第4章 1つで5桁のメロン 後
あたしはというと、ドキドキしてるやら、牛尾の寝顔が可愛いやらで到底寝付けそうに無かった。
「寝付きがいいのも才能ね。いいなぁ。」
いびき1つかかず、スースーと規則的な寝息。長い睫毛がぴくぴくと揺れる。本当に綺麗な寝顔だ。
触れる体が熱い。牛尾は体温が高いんだろうか?生きてるんだなって感じるぐらい、すごく熱を持っていた。
寝顔を眺めながらあの日を思い返す。そういえば「かっこ悪いところも見せ合えるといいね。」なんて考えていたっけ?
でも牛尾が好意を明言しなかったから、あたしは牛尾を信用出来なくなって。
あの日のゴタゴタとか、日頃の忙しさが相まって、あたし達は今日まで距離を置いてすれ違ってしまった。
「今度こそ逃げずに分かり合えたらいいね。」
ぽつりと呟いて、その綺麗な額にキスを落とす。セックスしようと唇にキスしたのはあたしのくせに、こっちの方が断然ドキドキした。

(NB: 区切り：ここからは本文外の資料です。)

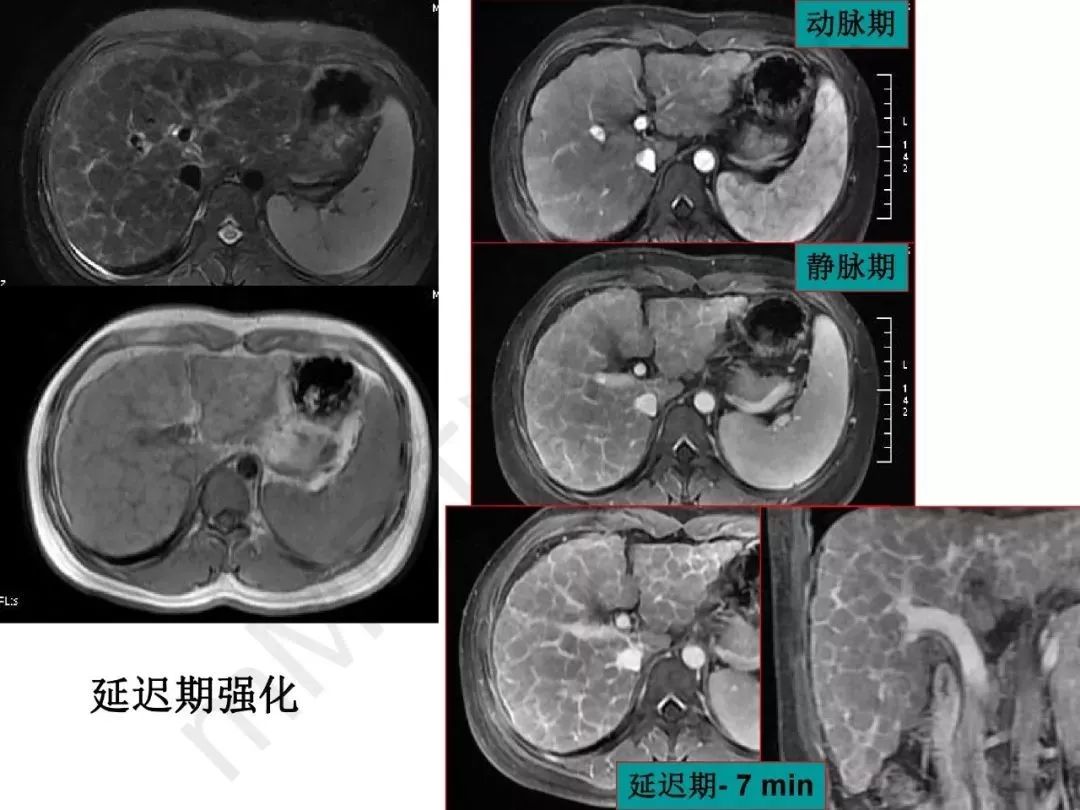 肝脏gdp值_肝脏位置(2)
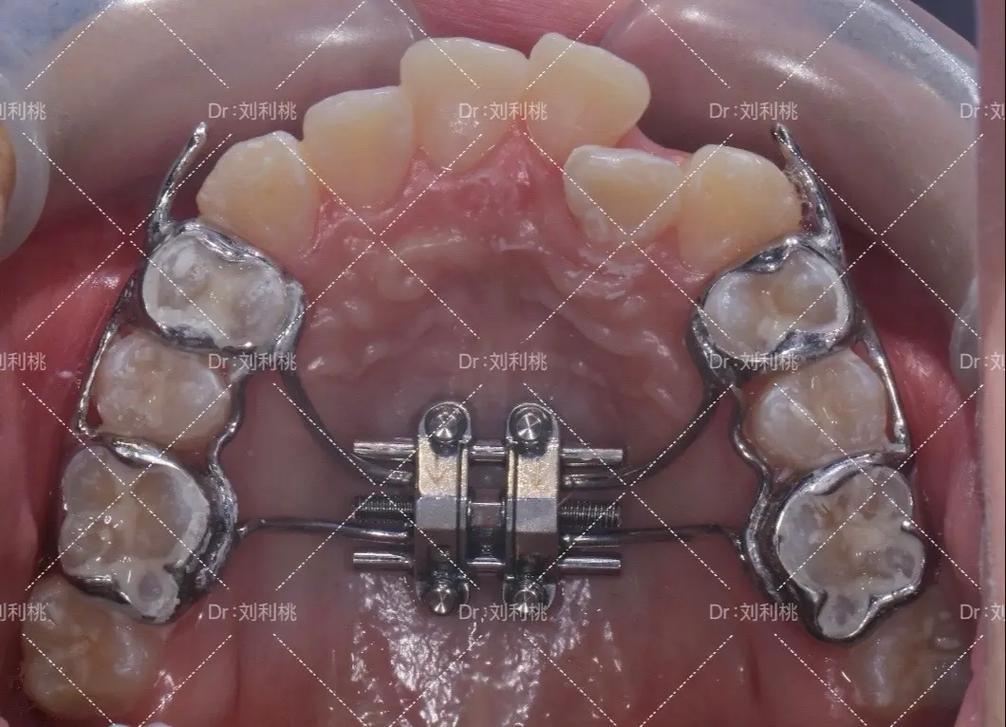 牙齿骨性正畸手术,骨性牙齿畸形矫正效果如何?-图1 牙齿骨性正畸手术,骨性牙齿畸形矫正效果如何?-图1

あたしも寝よう。そして朝起きてあの日と同じ質問をしてみよう。
「あたしの事、本当に好きなの?」
どんな顔するだろう。照れる?見栄を張る?さらっと「そうだよ。」なんて言っちゃう?あぁ、分かんないけど。
とにかく肯定してくれたら、ご褒美におはようのキスをしてあげよう。
あぁでも、牛尾の事だし舌を入れて来るだろうから、歯磨きしてからかな?
「そんなんじゃないよ?なんて明日言ったら、どんなに謝っても絶対家に入れないからね?」
結局あたしは牛尾御門という人間と、振り回し振り回される関係になろうとしているらしい。